Вначале об этом только догадываешься: четкая дикция, четкие, рассчитанные движения, – а на все это накладываются гортанные выкрики – два голоса перекликаются через пространство игры – нет, уже не два – все больше голосов, хриплых или протяжных. Архаика! Пение, цепляющее, царапающее изнутри – глубже, чем понимание, первичнее, чем стих. Та первая плазма, расплавленная магма звуков – гортань, производящая и пение, и щелчки, и хрипы, и страшное поскрипывание движущейся, накатывающей – бродячей повозки, волны, стихии первоэлементов. Хор, то распадающийся на две антифонные половины, то снова сливающийся в единую массу: как капли ртути, не существующие по отдельности, стремящиеся снова скатиться, слиться, слипнуться – в единое озеро черной, отливающей металлом воды, в единый звучащий поток, шуршащий и бьющийся о край мира живых. Страшно становится лишь здесь, поскольку, да! – конечно же – эта первородная звуковая стихия целиком принадлежит миру мертвых. Слипшаяся воедино, расплавленная масса – тех, кто ушел, тех, кто – как перегной – составляет основание нашей культуры и нашей памяти. Там, в царстве духов, неразличимы отдельные существа, там бродят закваской и перетекают друг в друга нерасщепленные образы и спутанные звуки…

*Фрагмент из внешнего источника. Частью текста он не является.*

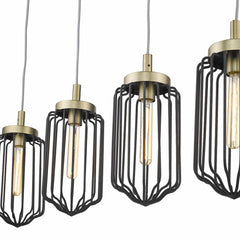 Reece 4-Light Aged Brass Island Pendant - Homeroots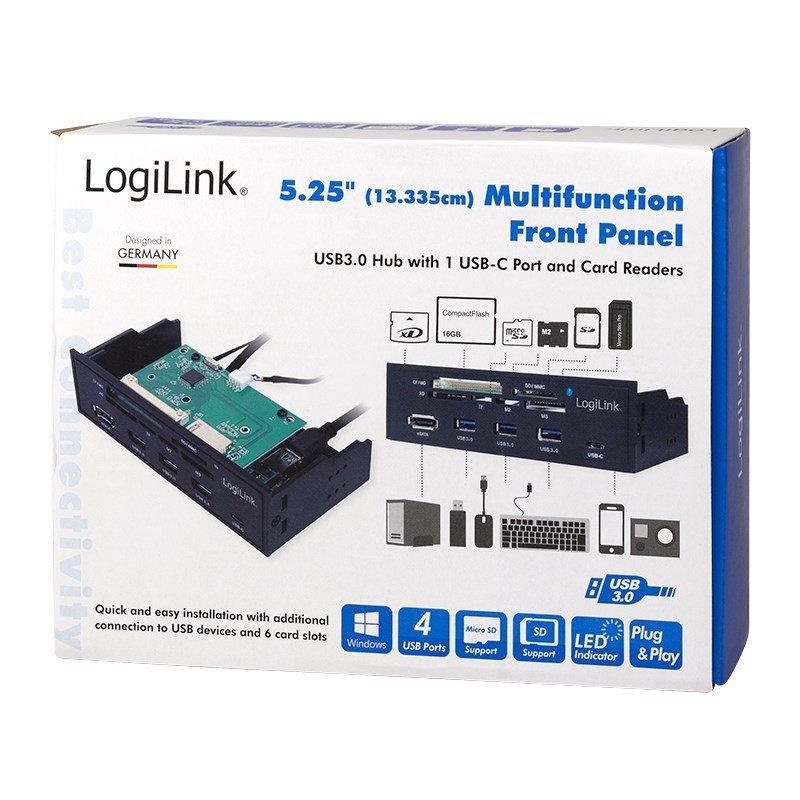 LogiLink UA0341 kortl�ser SATA Intern Sort #3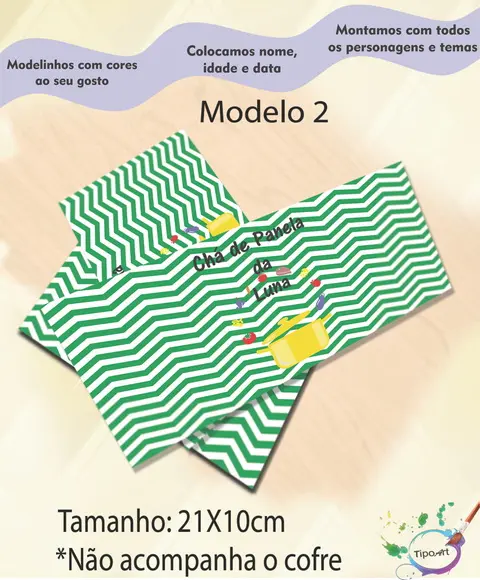 Rotulo Cofre -chá de Cozinha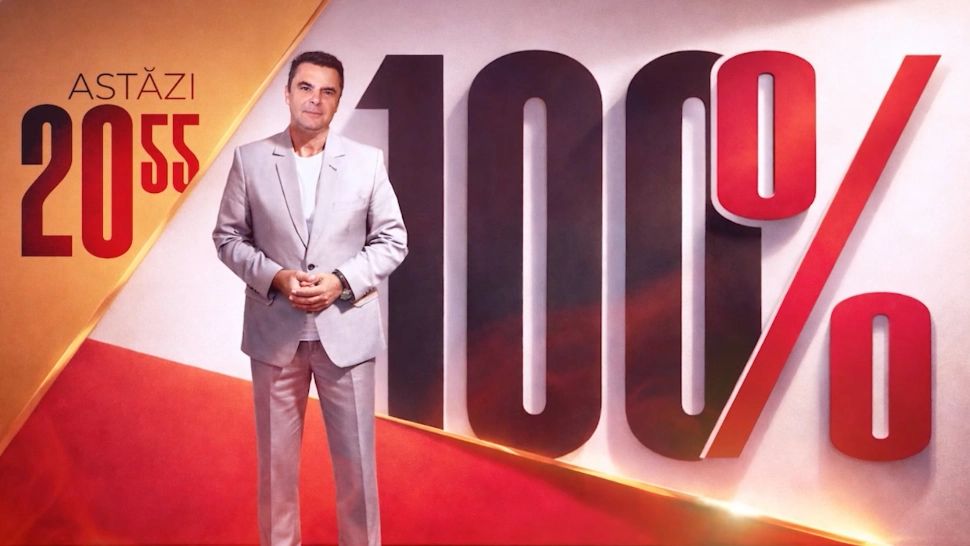 Ediție explozivă „100%” în această seară de la ora 18:00. Laurențiu Botin și invitații săi fac dezvăluiri care zguduie culisele puterii
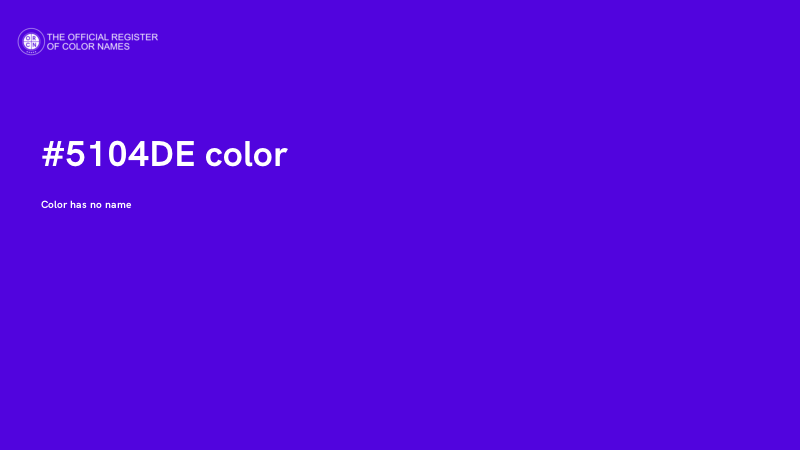 #5104DE color image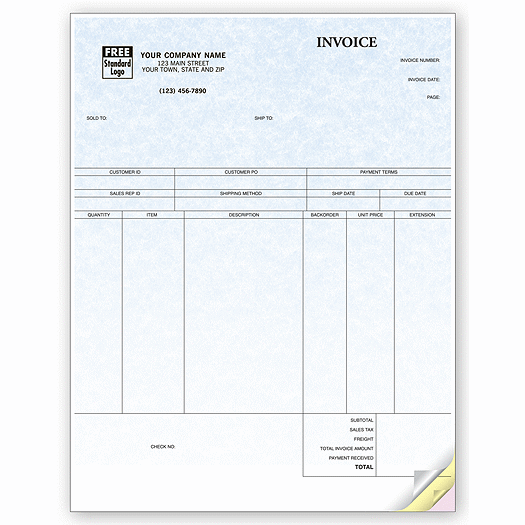 Product Invoices, Laser, Parchment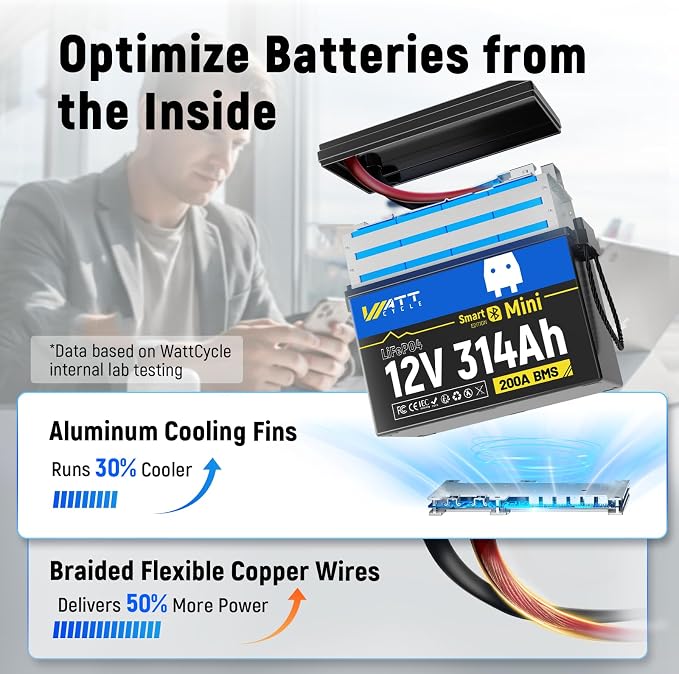 12V 314Ah Lithium LiFePO4 Battery Mini
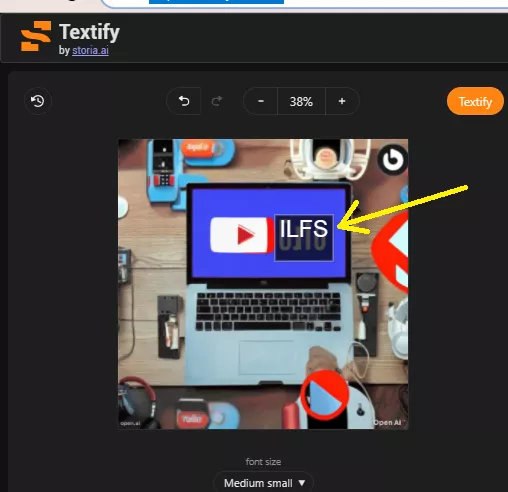 Textify Draw Text to be Replaced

Когда Ахиллу во сне является тень Патрокла, на арену выходит – выдвигается – проливается – весь хор целиком, и повторяющееся заклинание друга «Погреби ты меня, погреби ты меня, – / да войду я в обитель Аида!» доносится оттуда же – из мутной и склизкой, тесной общности умерших, временами растекающейся на отдельные, узнаваемые голоса, но тут же собирающейся воедино. Сумрачная архаика, но и наша культура вообще, культура, что в принципе хтонична, – царство мертвых как царство первых смыслов, что создавались не нами, царство архетипов, что нам не принадлежат.